Tuesday, April 12, 2011

The Rebound Bull

For those who missed my April 1, 2011 BNN rant describing the structure of the current global bull market in equities to be that of a rebound bull.

“A rebound bull is a bull market of short duration and great magnitude that typically follows a granddaddy bear market. The granddaddy bear is introduced by a crisis and is usually of long duration and great downside magnitude. There is no defense against the Granddaddy bear because like a financial tsunami, all stock asset classes swept away at the same time. There have only been three granddaddy bears over the past 40 years – the 1973-1974 Arab Oil embargo. The 1987 change in U.S. Fed policy bear and the 2007-2008 liquidity crisis. The bear of 2000-2002 was not a granddaddy but rather a sector crash (technology) with other sectors – financial and energy being unaffected.

The rebound bulls that followed each of the granddaddy bears were all similar in that they were short – no more that 24 months and they had great price magnitude, usually in the order of at least a two thirds retracement of the granddaddy bear. Rebound bulls are usually followed by a flat cooling off period – like a flat mini-bear if you will and when the cooling period ends the markets move on to new 52-week highs.

The best way to deal with the current mature rebound bull is to seek out stock sectors like the TSX Financial that are just emerging from the “cooling off” period.”

Note: The only other sector with similar structure is TSX Technology

3 comments:

Anonymous said...

Bill,

What do you see in the market right now? I see many stocks breaking or near breaking support. You mentioned before that an annual cycle usually has two peaks and a trough or vice versa. Does that mean we've hit one high already and it's straight down till the summer before a 4th quarter rally to complete the second peak?

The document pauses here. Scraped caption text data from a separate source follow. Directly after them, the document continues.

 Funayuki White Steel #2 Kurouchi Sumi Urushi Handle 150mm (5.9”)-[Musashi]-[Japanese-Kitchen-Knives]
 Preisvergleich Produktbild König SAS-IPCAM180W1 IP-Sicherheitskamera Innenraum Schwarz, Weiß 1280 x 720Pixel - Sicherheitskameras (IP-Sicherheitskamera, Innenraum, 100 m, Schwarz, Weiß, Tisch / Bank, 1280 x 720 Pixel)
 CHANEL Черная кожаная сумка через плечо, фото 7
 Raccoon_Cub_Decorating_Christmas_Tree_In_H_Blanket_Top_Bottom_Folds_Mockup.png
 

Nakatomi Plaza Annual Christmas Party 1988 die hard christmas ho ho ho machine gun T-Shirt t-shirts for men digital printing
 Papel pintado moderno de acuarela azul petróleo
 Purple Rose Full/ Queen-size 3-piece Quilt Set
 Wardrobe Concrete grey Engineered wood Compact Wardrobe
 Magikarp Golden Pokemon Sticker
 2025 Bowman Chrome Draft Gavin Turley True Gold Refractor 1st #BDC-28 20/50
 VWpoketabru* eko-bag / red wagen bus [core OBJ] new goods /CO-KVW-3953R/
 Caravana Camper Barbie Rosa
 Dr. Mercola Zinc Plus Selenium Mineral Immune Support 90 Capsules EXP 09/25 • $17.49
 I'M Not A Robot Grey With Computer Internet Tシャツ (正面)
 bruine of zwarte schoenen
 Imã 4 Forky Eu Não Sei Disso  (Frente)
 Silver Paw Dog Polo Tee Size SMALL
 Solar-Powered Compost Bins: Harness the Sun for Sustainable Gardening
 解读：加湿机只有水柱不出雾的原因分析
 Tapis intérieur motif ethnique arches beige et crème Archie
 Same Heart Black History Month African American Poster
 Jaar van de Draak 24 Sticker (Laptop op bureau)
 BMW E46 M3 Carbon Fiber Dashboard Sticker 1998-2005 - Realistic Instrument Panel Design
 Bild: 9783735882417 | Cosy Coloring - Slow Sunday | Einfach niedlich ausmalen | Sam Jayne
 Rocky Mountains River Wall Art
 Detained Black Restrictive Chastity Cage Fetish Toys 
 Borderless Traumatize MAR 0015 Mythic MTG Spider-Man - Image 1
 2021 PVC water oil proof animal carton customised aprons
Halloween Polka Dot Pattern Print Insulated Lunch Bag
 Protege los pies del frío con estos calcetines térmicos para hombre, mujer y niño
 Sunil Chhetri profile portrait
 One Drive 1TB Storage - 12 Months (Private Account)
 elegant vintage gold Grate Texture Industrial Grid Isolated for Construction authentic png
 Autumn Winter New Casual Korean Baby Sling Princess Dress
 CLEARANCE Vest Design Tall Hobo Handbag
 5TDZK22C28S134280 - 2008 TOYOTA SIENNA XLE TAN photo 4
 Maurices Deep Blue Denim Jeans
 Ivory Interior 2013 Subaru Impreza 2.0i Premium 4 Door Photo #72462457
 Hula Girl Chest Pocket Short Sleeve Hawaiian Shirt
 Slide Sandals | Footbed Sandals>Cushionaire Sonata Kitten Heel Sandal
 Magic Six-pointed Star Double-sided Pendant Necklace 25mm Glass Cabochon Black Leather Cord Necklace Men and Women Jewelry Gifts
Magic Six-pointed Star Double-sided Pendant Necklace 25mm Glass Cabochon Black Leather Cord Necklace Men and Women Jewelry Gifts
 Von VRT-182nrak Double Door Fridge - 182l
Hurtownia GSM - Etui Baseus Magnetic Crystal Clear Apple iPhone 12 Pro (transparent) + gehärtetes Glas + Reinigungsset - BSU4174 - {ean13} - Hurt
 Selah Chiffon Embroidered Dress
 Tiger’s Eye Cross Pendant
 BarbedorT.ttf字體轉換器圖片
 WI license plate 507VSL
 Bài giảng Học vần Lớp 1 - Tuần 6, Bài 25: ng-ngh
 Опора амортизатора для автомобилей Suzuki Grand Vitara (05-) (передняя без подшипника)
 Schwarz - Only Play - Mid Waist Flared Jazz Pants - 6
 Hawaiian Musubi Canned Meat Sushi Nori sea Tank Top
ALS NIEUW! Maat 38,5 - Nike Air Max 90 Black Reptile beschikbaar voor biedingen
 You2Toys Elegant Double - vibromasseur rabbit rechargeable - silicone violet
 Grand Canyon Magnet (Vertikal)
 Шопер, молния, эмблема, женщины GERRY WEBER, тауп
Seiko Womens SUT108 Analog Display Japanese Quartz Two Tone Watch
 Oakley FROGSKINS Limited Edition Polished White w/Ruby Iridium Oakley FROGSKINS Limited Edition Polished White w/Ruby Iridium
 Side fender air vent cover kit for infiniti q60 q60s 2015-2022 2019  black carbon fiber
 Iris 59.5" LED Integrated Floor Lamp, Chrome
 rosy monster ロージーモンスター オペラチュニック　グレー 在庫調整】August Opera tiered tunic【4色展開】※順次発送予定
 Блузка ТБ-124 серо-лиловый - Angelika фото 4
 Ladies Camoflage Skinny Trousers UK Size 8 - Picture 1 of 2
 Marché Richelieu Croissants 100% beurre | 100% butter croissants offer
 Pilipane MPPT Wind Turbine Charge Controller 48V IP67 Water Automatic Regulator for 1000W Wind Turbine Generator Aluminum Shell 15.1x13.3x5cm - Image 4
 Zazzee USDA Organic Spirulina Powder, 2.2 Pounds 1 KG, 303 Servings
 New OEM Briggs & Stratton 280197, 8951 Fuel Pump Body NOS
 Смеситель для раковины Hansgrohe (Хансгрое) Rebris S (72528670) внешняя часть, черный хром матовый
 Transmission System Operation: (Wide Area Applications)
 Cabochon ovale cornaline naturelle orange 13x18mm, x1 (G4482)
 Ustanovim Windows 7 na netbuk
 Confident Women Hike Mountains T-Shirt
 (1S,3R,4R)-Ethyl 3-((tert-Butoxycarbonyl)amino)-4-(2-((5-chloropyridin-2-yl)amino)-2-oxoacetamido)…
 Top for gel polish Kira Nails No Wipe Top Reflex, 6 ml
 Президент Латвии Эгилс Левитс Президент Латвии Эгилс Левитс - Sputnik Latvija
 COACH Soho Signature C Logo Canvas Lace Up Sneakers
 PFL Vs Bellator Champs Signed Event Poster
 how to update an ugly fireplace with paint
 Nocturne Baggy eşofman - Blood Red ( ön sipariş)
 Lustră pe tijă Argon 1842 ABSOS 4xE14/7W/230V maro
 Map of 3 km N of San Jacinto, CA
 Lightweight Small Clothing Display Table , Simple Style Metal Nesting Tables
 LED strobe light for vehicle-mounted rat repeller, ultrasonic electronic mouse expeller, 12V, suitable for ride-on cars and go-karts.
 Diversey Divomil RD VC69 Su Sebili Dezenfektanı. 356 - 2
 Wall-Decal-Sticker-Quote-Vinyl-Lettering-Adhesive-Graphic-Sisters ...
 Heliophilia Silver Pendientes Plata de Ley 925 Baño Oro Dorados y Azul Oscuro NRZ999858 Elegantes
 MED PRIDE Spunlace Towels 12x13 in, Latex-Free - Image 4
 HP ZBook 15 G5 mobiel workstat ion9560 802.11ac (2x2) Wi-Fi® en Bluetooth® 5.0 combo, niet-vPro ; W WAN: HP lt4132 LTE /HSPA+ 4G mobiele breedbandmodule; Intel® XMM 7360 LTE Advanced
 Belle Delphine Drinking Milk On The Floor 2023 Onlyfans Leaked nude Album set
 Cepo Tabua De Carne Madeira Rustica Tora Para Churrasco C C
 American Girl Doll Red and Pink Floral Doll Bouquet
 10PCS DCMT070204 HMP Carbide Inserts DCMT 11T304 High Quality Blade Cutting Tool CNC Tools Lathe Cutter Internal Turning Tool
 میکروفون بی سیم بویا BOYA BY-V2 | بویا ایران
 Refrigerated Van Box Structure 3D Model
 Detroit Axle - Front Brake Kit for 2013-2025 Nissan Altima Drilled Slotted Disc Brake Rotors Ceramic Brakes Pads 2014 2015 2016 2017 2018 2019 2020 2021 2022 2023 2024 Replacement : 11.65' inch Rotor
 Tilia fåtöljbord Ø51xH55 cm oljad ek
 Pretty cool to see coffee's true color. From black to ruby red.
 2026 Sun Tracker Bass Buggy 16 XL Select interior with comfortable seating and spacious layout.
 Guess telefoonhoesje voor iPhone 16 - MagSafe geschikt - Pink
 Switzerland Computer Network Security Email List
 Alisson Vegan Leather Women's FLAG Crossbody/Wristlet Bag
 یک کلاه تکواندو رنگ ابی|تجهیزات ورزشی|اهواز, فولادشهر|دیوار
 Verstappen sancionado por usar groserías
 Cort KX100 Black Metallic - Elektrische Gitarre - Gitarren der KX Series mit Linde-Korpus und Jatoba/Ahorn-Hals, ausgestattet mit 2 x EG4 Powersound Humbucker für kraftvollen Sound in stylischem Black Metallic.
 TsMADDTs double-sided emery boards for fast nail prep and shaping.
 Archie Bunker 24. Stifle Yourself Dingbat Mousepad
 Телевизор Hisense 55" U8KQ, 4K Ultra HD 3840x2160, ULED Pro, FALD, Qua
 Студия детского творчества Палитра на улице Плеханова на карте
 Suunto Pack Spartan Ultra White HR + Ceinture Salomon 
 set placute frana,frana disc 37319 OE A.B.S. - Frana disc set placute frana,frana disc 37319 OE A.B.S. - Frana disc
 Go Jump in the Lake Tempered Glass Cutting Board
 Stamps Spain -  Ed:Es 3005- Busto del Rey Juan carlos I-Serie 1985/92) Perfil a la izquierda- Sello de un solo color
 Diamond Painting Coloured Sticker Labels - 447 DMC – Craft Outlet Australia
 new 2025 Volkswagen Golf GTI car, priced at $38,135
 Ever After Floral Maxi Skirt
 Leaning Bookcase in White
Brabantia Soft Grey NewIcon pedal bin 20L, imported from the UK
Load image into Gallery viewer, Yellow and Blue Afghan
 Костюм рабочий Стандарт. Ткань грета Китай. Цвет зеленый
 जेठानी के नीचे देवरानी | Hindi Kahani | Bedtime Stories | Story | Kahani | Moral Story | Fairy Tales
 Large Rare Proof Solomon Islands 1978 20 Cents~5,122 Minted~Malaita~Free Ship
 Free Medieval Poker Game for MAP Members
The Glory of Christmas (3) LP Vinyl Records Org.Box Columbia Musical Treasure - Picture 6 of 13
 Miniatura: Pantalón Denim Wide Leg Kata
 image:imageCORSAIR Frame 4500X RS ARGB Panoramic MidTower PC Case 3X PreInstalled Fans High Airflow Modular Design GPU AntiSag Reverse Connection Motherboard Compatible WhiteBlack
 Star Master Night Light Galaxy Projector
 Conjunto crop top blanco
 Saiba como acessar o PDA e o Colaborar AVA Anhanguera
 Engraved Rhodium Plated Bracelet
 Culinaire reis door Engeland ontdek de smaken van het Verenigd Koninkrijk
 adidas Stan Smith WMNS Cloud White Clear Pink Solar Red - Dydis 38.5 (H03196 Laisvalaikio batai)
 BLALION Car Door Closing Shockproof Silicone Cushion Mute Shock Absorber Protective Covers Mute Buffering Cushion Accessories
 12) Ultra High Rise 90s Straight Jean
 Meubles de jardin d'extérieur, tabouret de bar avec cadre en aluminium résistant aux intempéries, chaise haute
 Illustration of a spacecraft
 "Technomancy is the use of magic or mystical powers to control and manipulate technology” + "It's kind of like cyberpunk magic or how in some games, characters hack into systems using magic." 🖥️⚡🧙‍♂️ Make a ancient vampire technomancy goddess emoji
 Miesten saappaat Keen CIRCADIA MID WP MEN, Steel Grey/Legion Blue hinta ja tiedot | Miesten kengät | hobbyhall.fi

Gettingtechnical.com said...

Hi Shy Guy or Doll

We are into a period of sector rotation that has capital moving from high momentum plays (commodity sensitive) to low momentum plays and this could persist for a few months – about 10 to 14 weeks. The preferred places are technology (RIM) and some consumer plays. I see that iShares Canada have just introduced a new CDN Consumer Staples ETF (XST) just in time

Bill Carrigan

Anonymous said...

I noticed you did not mention that financials would be another place to move capital too. Especially for us non-sheep. As of now, what is your call on the banks short-term and throughout the summer?